KEC Women's Event 2019: Steadfast in suffering - Part 1

Sermon Image
Speaker

Chiew Chui Chui

Date
Oct. 13, 2019
Time
10:30

Transcription

Disclaimer: this is an automatically generated machine transcription - there may be small errors or mistranscriptions. Please refer to the original audio if you are in any doubt.

[0:00] Before I go into the second talk, let me just talk to you a bit about some books that you might want to look at.

[0:19] So there's a book table somewhere. But anyway, there's a few books. I mean, today I'm really only looking at the book of 1 Peter, but there are lots of questions about suffering that I will not be able to address or even touch on.

[0:36] If you want something that's a bit more scholarly, you can look at Carson's How Long, O Lord? Reflections on Sufferings and Evil. Professor Don Carson is excellent in his understanding of the Bible.

[0:50] So he sets up six pillars of which you can look at how to understand suffering in this world. Dave Furman's Kiss the Wave, Embracing God in Your Trials is something quite readable.

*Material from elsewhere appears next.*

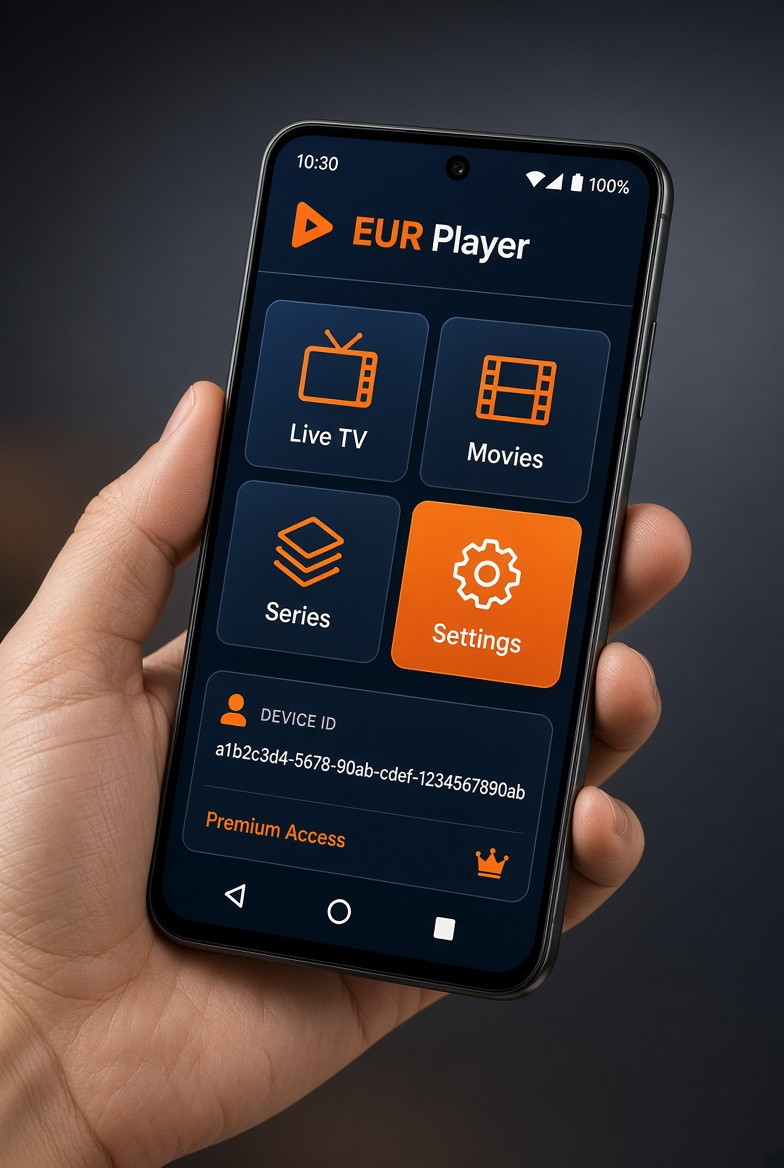 Application EUR Player sur smartphone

[1:08] So if you're looking for something that is easier to read, have a look at that. And Kiss the Wave is the title of my talk afterwards. He's the title of my book. What it means to embrace your suffering and pain.

[1:20] And Dave Furman himself has a chronic pain problem that he goes through, and he's someone who's actually writing from the experience of extreme physical pain every day.

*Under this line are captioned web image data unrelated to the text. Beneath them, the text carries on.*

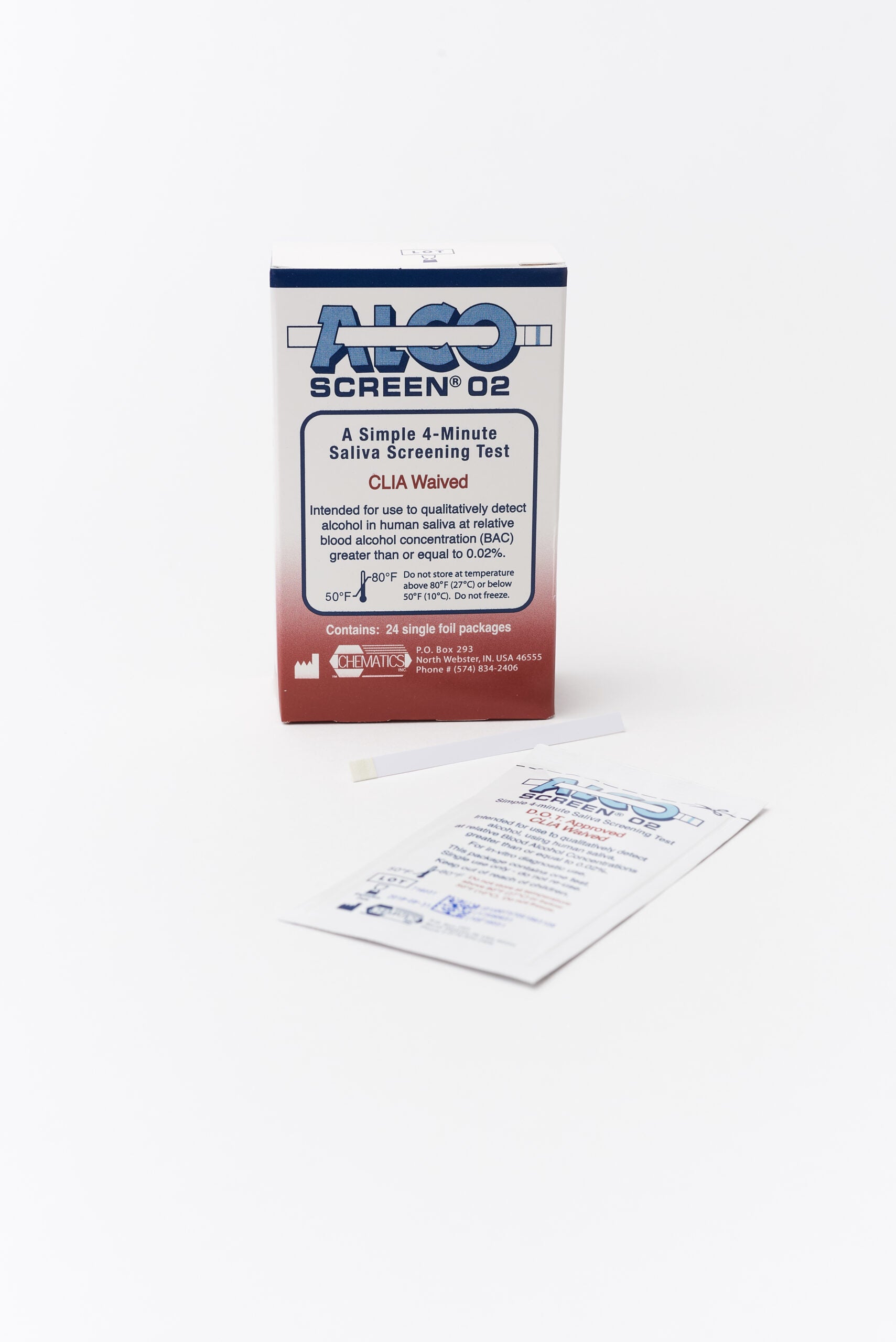 Alcoscreen Saliva Test DOT Approved Box of 24 medical supply
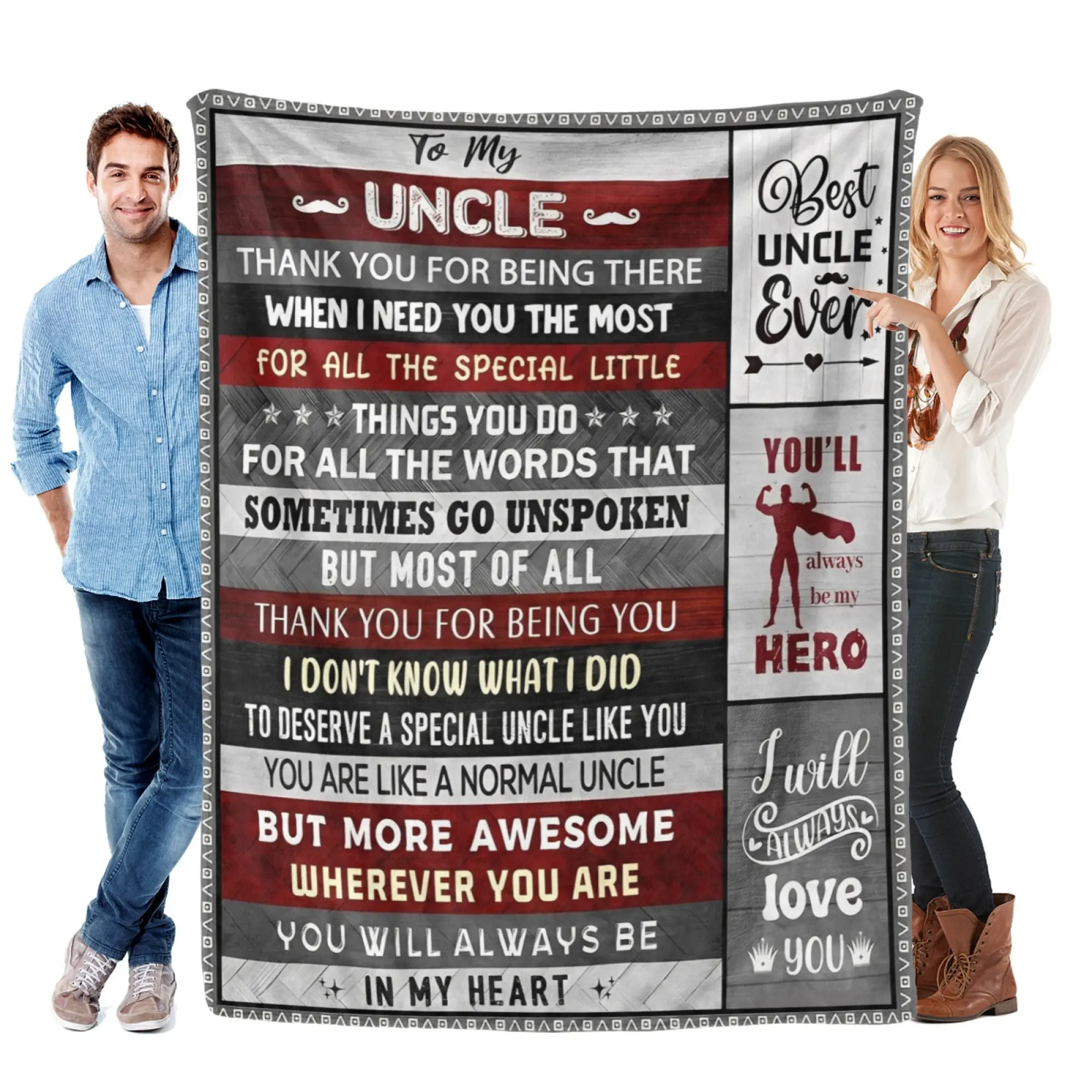 Uncle Gifts - Gifts for Uncle - Uncle Birthday Gifts from Niece - Best Uncle Ever Gifts - Birthday Gift for Uncles from Nephew - Funny Uncle Gift Throw Blanket 60"X 50" flannel blanket ideal decorative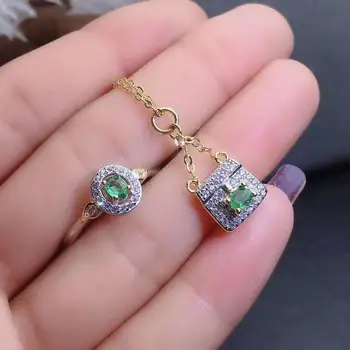 

Real Natural Emerald jewelry set Natural Real Emerald 925 sterling silver 1pc pendant,1pc ring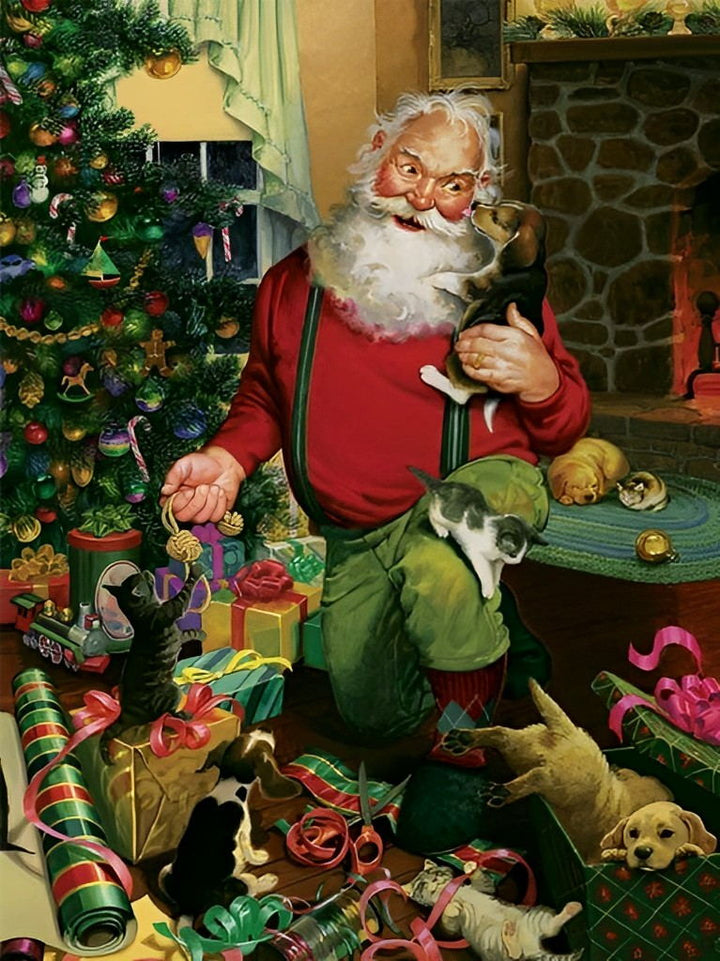 Gezellige Kerstkuilen Diamond Painting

[1:34] Okay, so that's the book. Of course, something a bit more, what's the word, C.S. Lewis, he is not a theologian, but he is a thinker.

[1:48] And he's written a lot of books. Of course, the famous Chronicles of Narnia, but he's also written a book called The Problem of Pain. And then later on, after his wife passed away, he wrote the book called Grief Observed, where he said that before, when he wrote his first book, The Problem of Pain, it's theoretical up there, not so much personal sufferings he has gone through.

[2:14] But the death of his wife, Joy, impacted him greatly, and he wrote Grief Observed more from a personal reflection after the death of his wife. Okay?

[2:25] And if you're not really a reader, read biographies. Okay? Stories of people's lives, people who have gone through various forms of suffering.

[2:37] So like Johnny Erickson Tada, she's written lots of books. Her story is a ministry in itself. Elizabeth Elliot, Through Gates of Splendor.

[2:48] I'll talk a bit about her afterwards. And then maybe books like Corrie ten Boom's The Hiding Place, the lady who hid a lot of Jews during the time of Hitler, and things like that.

[3:02] So read, because it will minister to your soul. Okay? Now, we now look at Chapter 2 a bit more.

[3:15] Okay. Okay. Recently, another thing caught my eye in the newspaper.

[3:26] It is not fair, says an angry PT3 student who studied hard while his friends had the entire leaked paper instead.

[3:40] That was a recent headline just a couple of weeks back. Once again, our public exam papers have been leaked. Let me read to you an excerpt of an email sent by an affected student to a local newspaper.

[3:57] That morning, I was stressing myself out, so I asked my friend for help. But instead of helping me, she told me to do this math module that she got from her friend.

[4:08] I thought it was a mock paper or something, but I was surprised to find out that it was the same question used in the PT3 math paper afterwards.

[4:20] I was shocked. Really shocked. The module and exam paper were exactly, all in caps, yeah, exactly the same, with the front cover and everything.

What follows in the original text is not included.